En posant la question " A quoi sert la Villa Médicis ? " le sénateur Gouteyron apporte sa solution, fondée sur les aigreurs d'un écrivain qui, au nom d'une " politique de pur bon sens ", en préconisait la suppression, et sur un rapport du sénateur Yann Gaillard, en daté de 2001 (ce dernier étant membre du conseil d'administration du Centre Pompidou). De ce rapport, il ne cite que quelques phrases : " Voilà une académie qui n'a plus de tradition à transmettre, qui groupe des lauréats sans aucun centre d'intérêt commun [...]. Qui invite, aux frais de la République, des artistes - au sens le plus large du terme - dans une capitale qui n'est plus, et depuis longtemps, un centre important de création, même à l'échelle de l'Italie. [...] la villa Médicis, contenant superbe, a-t-elle encore un contenu ? " Aux propos de son confrère, le sénateur Gouteyron ajoute un argument supplémentaire : Rome ne fait pas partie des plaques tournantes marché de l'art.
Vu sous cet angle, on pourrait en effet se demander si notre République n'entretient pas dans la Ville au sept collines une maîtresse aussi dispendieuse qu'inutile. Cependant, de quel budget annuel est-il question ? 7,7 millions €, dont 4,6 millions de subventions de l'Etat. Au cours actuel du marché de l'art, et en s'intéressant au coût global de la villa, le seul Portrait d'Adèle Bloch-Bauer vendu en 2007 135 millions de $ représenterait environ 10 années de financement. La toile Blue star de Miro, adjugée en décembre dernier 11,5 millions €, serait équivalente à un an et demi de budget. On le voit bien, les sommes en jeu n'ont rien de vraiment considérable. Pour autant - et en faisant litière d'un symbole prestigieux qui participe au rayonnement international de la France - si la Villa Médicis était devenue réellement inutile, il ne serait peut-être pas incongru, pour la bonne gestion des finances publiques, de la fermer et d'allouer ses ressources à d'autres actions artistiques. C'est peu ou prou ce que préconise le sénateur Gouteyron : " Il faut rénover de fond en comble l'idée de présence culturelle, en inventant des ambassades nomades, porteuses d'initiatives et de partenariats nombreux, dans les lieux les plus divers possibles. "

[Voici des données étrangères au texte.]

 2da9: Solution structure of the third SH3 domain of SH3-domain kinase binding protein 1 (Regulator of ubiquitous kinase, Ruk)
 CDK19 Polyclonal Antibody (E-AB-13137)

Que l'inventeur du concept de " consulats virtuels " propose celui " d'ambassades nomades " correspond à une certaine logique, sauf à craindre qu'il ne s'agisse que d'une logique de l'immatériel... En effet, le lecteur serait fondé à penser que les suggestions du sénateur Gouteyron reposent sur le rapport de son collègue Yann Gaillard qui se rendit sur place afin de le rédiger. Or, le problème, c'est que les conclusions du rapport Gaillard ne correspondent en rien à l'extrait cité plus haut, qui n'était qu'une simple figure de rhétorique située à la fin de son préambule... Que lit-on en effet dans cet intéressant document ?

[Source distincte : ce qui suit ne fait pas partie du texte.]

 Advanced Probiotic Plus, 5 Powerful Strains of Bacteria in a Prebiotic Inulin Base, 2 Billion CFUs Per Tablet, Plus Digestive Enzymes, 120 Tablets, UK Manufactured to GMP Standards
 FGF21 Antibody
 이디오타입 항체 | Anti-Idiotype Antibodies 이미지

" La France a hérité avec la Villa Médicis d'un instrument magnifique qu'il serait dommage de ne pas chercher à utiliser pleinement au service du rayonnement de la culture française. Il faut se donner les moyens pour faire de la Villa une fenêtre ouverte en Italie sur la culture française et ce à l'intention non seulement des Italiens eux-mêmes mais aussi des nombreux touristes qui fréquentent la ville éternelle. [...] L'impératif , c'est d'accentuer et de rendre plus efficace l'instrument que constitue la Villa Médicis comme outil de coopération culturelle à l'échelle européenne. Certes, Rome n'est plus le centre du monde, pas plus que Paris d'ailleurs, mais cette ville reste un pôle d'attraction culturelle majeur pour les Italiens bien entendu, mais également pour toute une élite intellectuelle à travers le monde. Il y a donc un intérêt pour notre pays à utiliser cette position éminente sur la ville pour donner une efficacité accrue à sa politique de promotion de la culture et de la langue françaises. [...] L'option , votre rapporteur la voit lorsqu'il s'agit de repenser son mode de fonctionnement. [...] Considérant que la Villa Médicis constitue une forme de base avancée de la culture française, on peut envisager deux modes d'utilisation :
Soit on considère la Villa comme une plate-forme " off shore " de l'action culturelle menée par le ministère de la culture, c'est-à-dire comme la vitrine d'une politique et de choix dont les grands axes sont déterminés depuis l'hexagone;
Soit on estime qu'il est possible de constituer la Villa en une sorte de pôle d'excellence autonome de la création d'expression française, intégré dans un réseau culturel européen.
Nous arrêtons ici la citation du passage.